- **Material for this exercise**
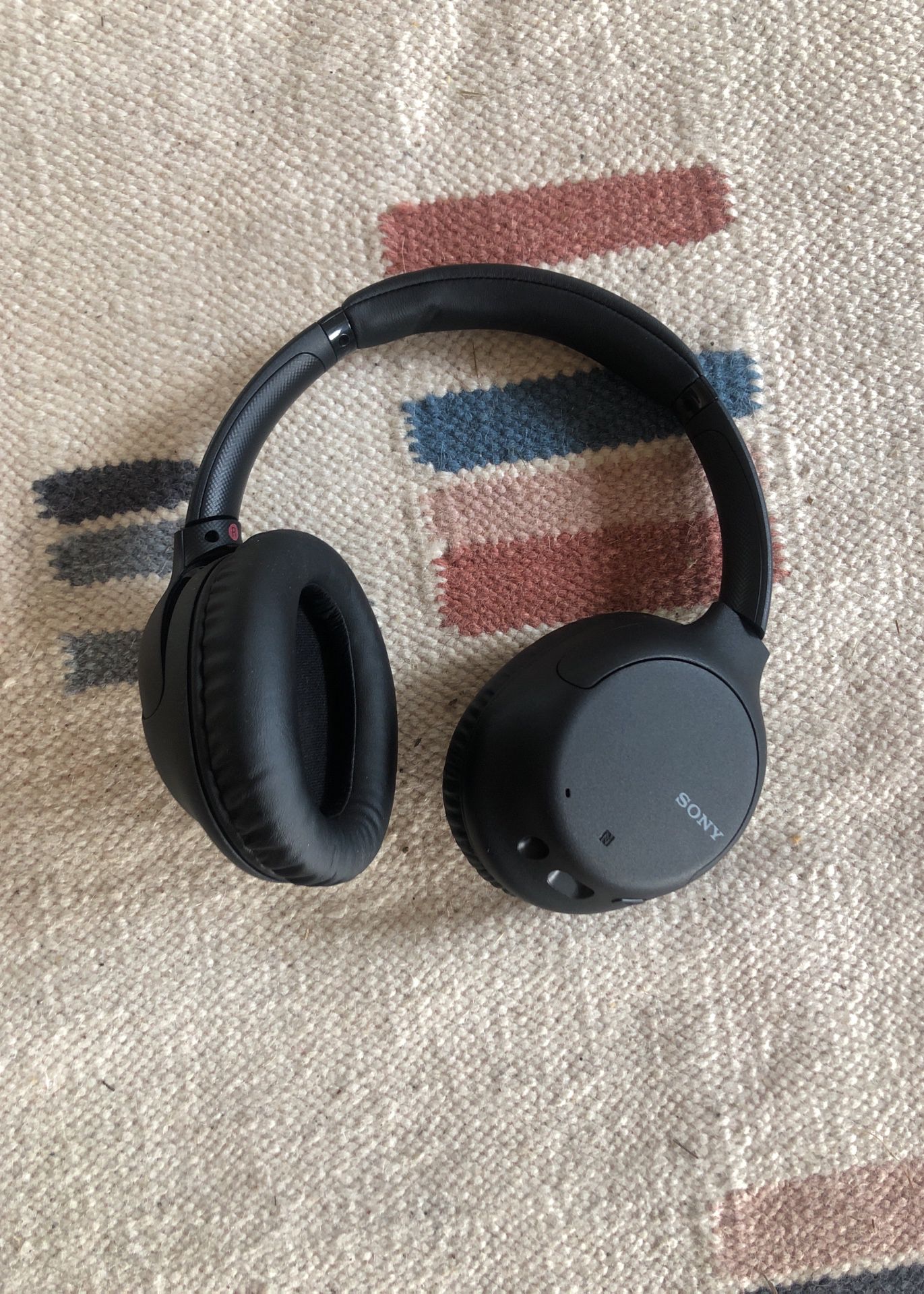 SONY Wireless Bluetooth Noise-Cancelling Headphones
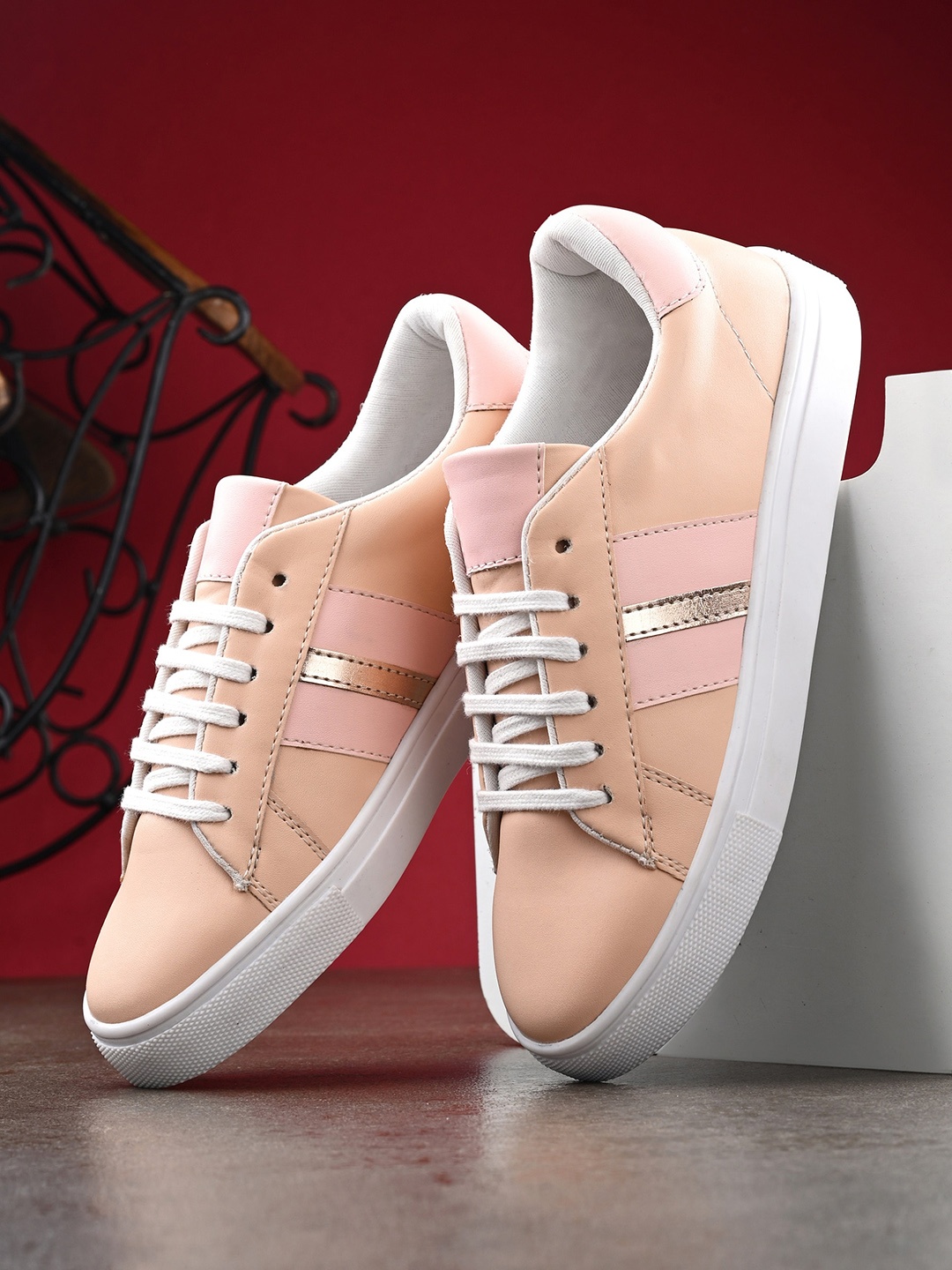 

DressBerry Women Peach-Coloured & White Lightweight Lace-Up Sneakers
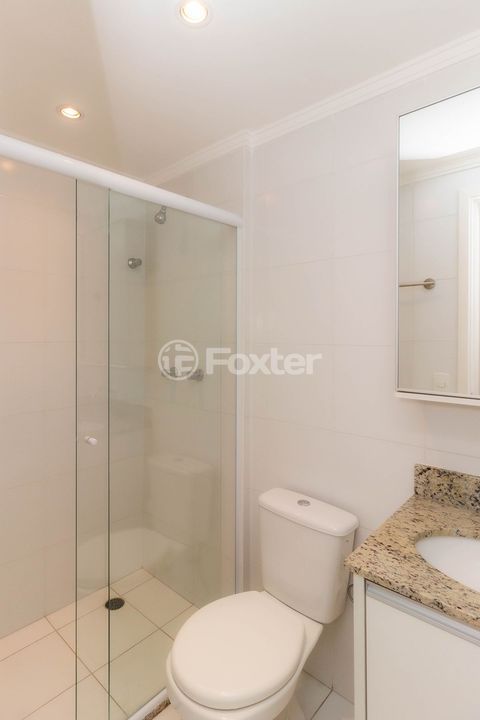 Image 21 - 840932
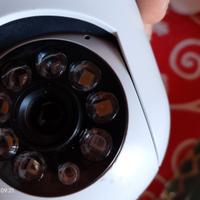 TELECAMERA WIFI PANORAMA SI ATTAC PORTALAMP NUOVA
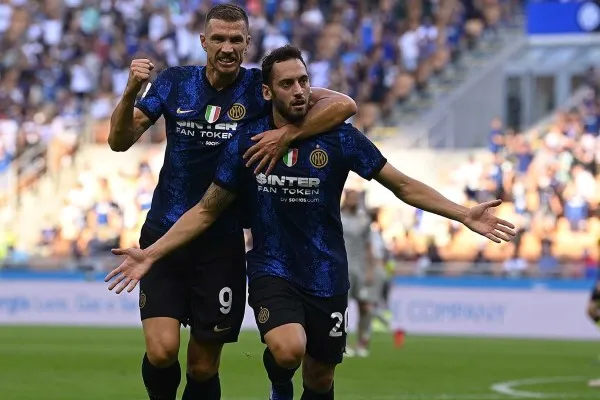 TWITTER @Inter_es Calhanoglu y Dzeko celebran anotaciones en su debut con el Inter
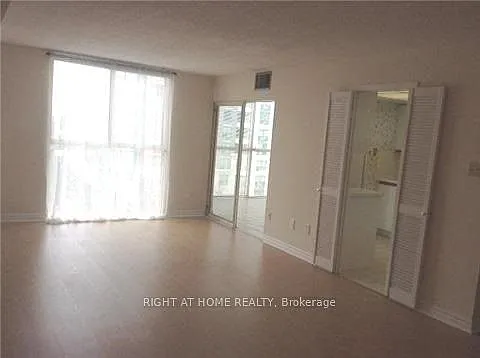 5460 Yonge St #404 — Photo 5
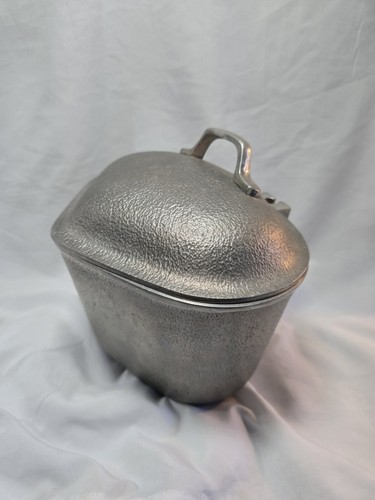 Vintage Century Silver Seal Hammered Aluminum Pot Heart Lid 2 Quarts - Picture 3 of 14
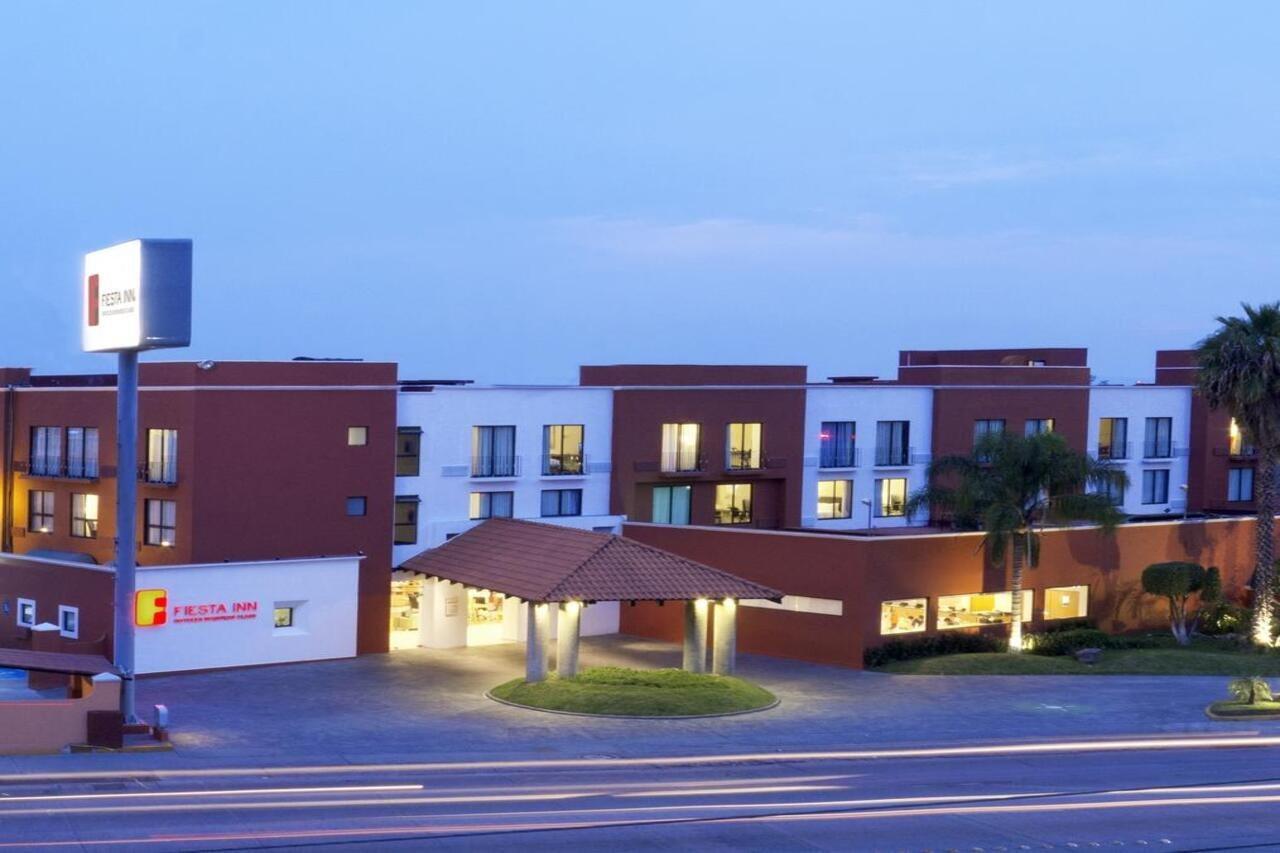 Fiesta Inn Леон Экстерьер фото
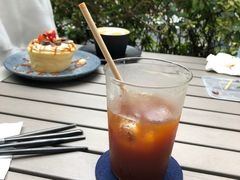 -彳亍咖啡·这里(水湾路店)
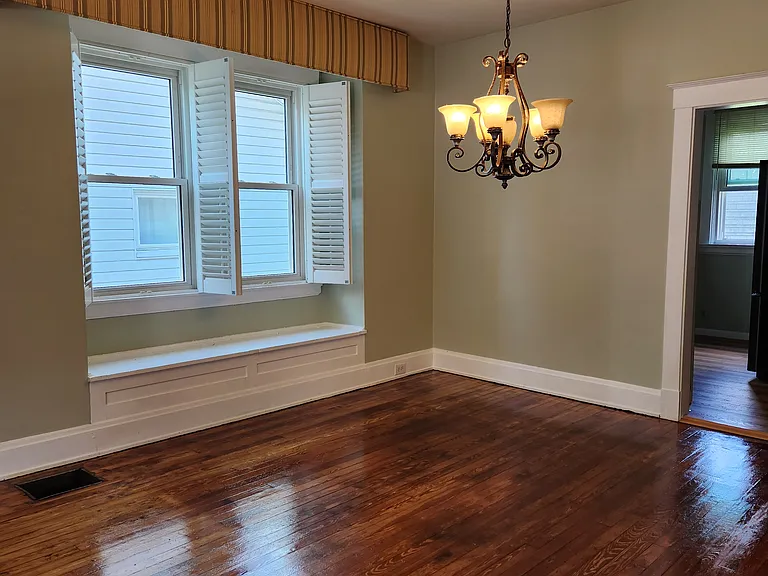 103 Joyce Ave — Photo 4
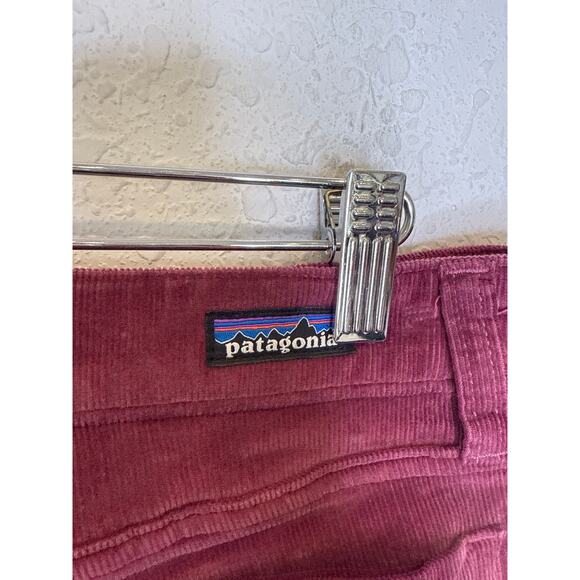 Patagonia Purple Fuschia Grand Pitch Corduroys EUC Sz 28 Pockets Organic Cotton - Picture 5 of 15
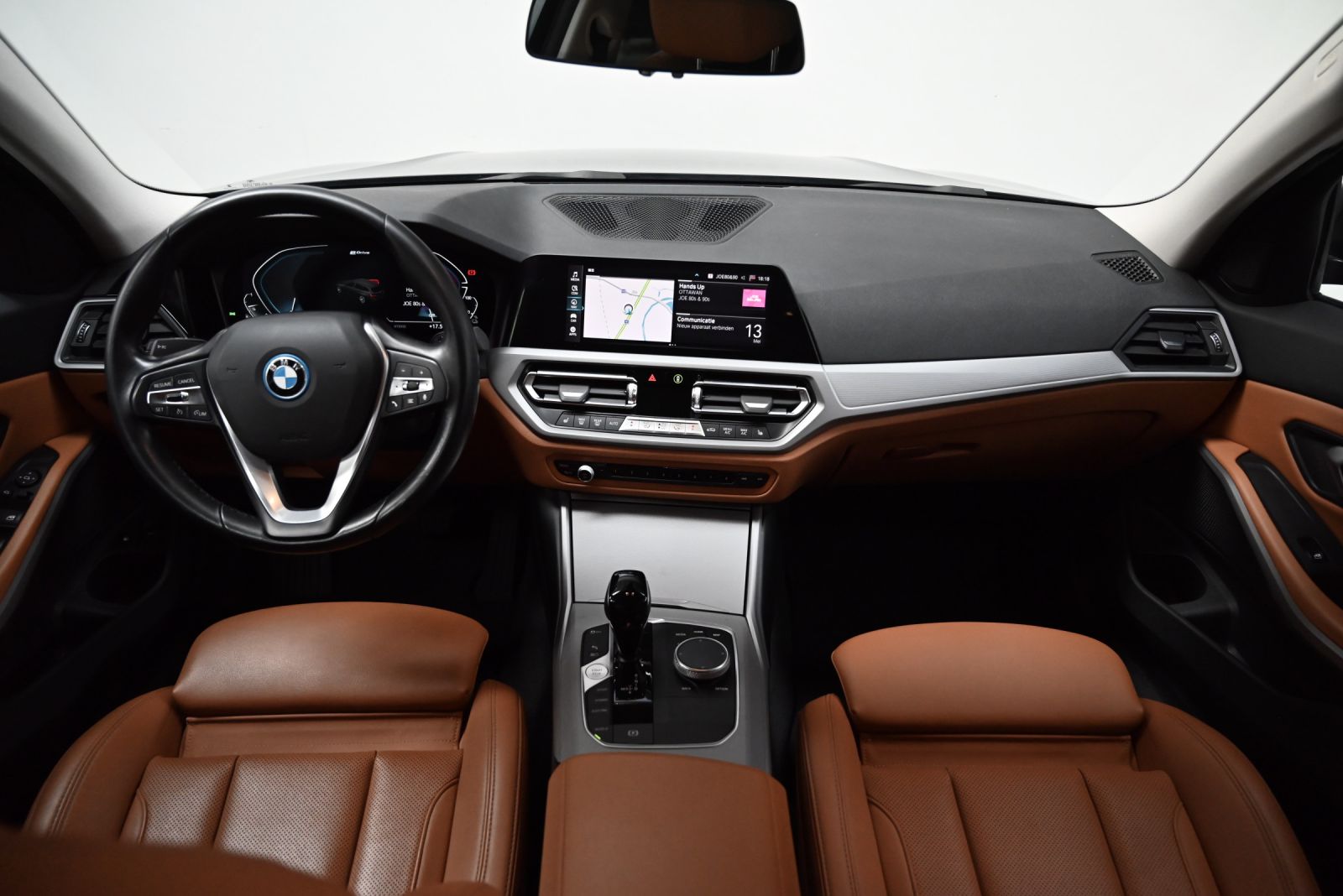 JNS Motors | BMW 330e Touring Plug-in Hybrid | 292 pk | 1e eigenaar | BTW aftrekbaar | Trekhaak | Live Cockpit Pro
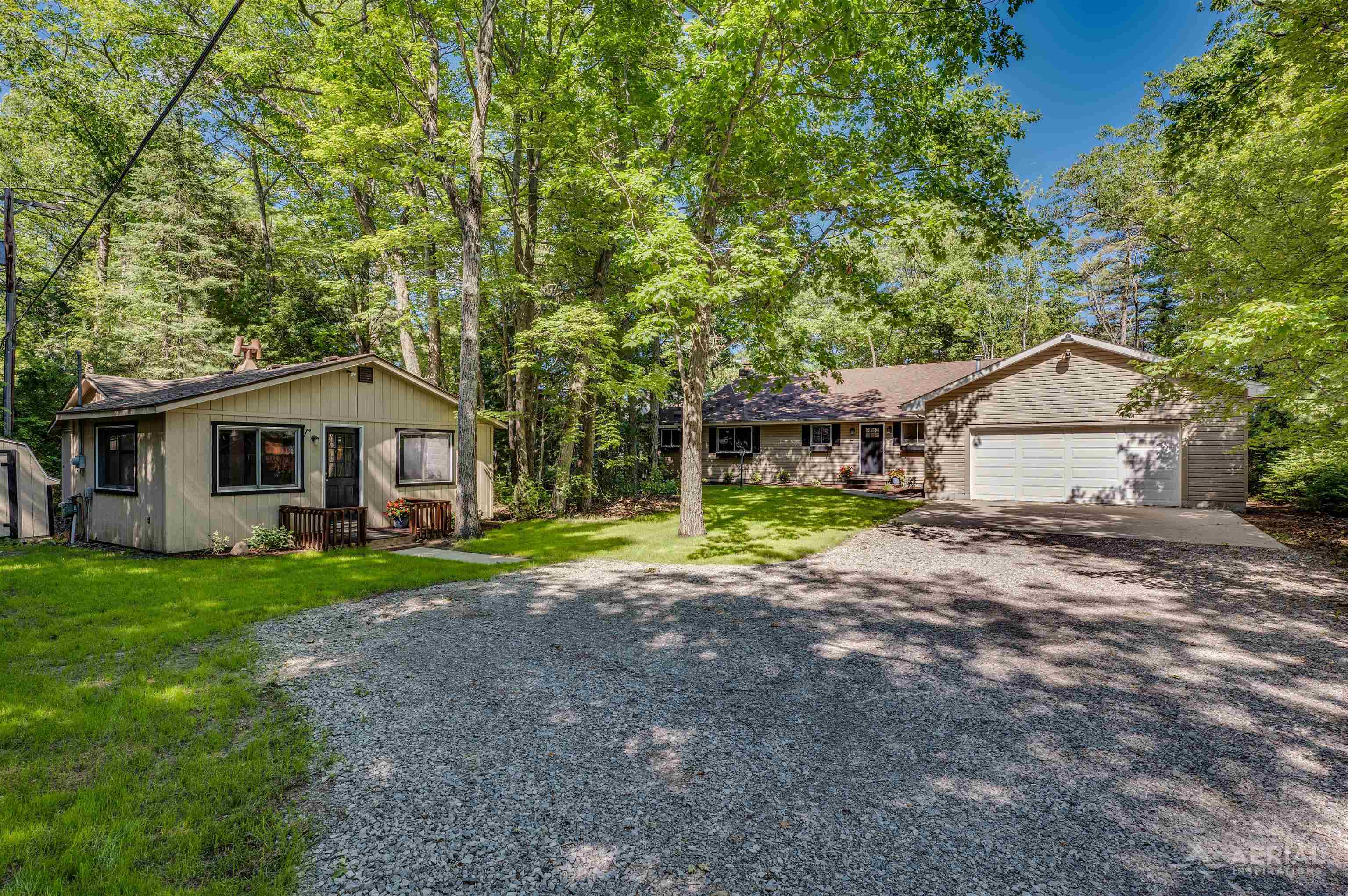 4927 S Us-23 Property Photo 1
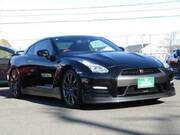 2014 NISSAN GT-R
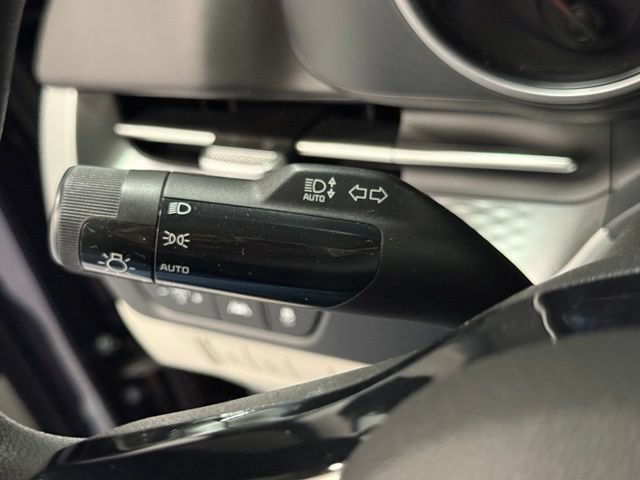 Used 2023 Kia Carnival LX FWD image 16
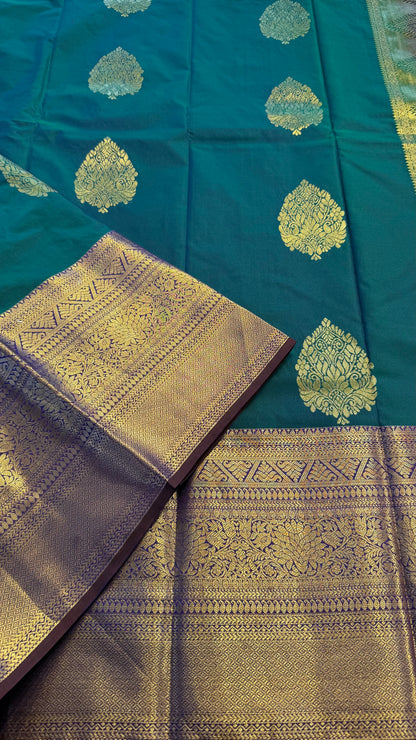 PEACOCK GREEN WITH CONTRAST PURPLE SILK KANICHIPURAM SILK SAREE (SSKS50)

- **Work task**
Quote the records above exactly, from the first line through the line containing "5460 Yonge St #404 — Photo 5", and leave out the pictures.

- **Answer for the task**
 SONY Wireless Bluetooth Noise-Cancelling Headphones

DressBerry Women Peach-Coloured & White Lightweight Lace-Up Sneakers
 Image 21 - 840932
 TELECAMERA WIFI PANORAMA SI ATTAC PORTALAMP NUOVA
 TWITTER @Inter_es Calhanoglu y Dzeko celebran anotaciones en su debut con el Inter
 5460 Yonge St #404 — Photo 5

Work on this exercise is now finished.